- Dataset content:

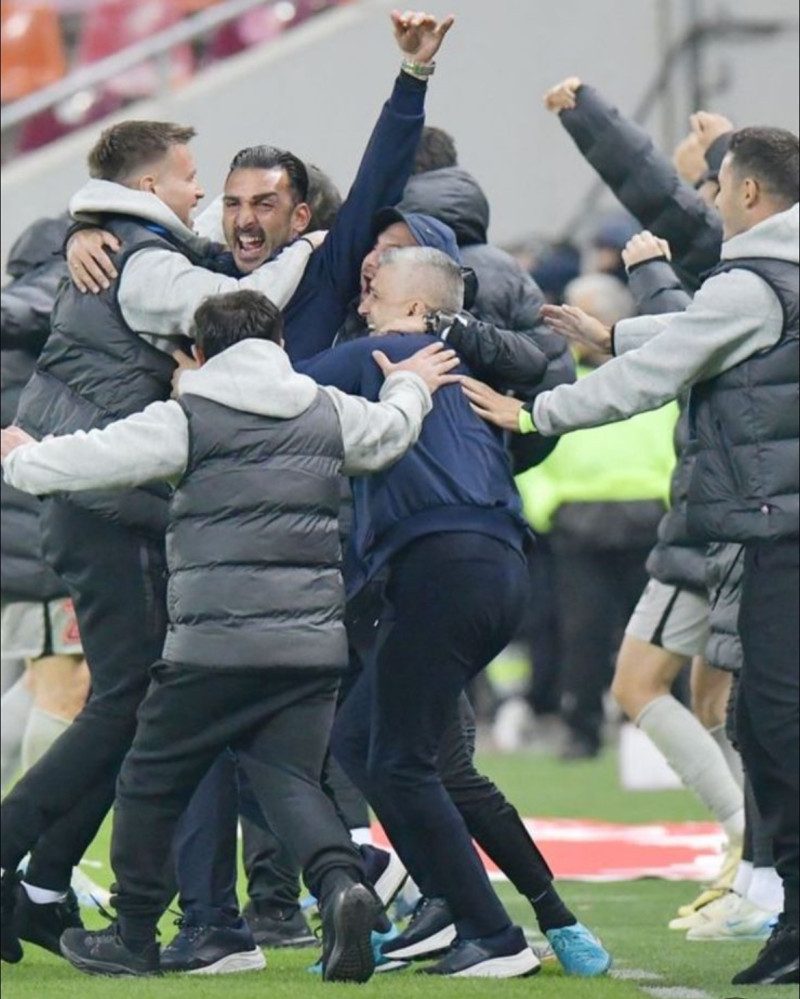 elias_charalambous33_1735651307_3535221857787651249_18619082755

...

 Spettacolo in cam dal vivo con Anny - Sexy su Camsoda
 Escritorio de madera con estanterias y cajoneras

- Try it: Using the listing above, return word for word each line from the one that has "Spettacolo in cam" through the one that has "Escritorio de madera", and no line outside that range.

- Result:
 Spettacolo in cam dal vivo con Anny - Sexy su Camsoda
 Escritorio de madera con estanterias y cajoneras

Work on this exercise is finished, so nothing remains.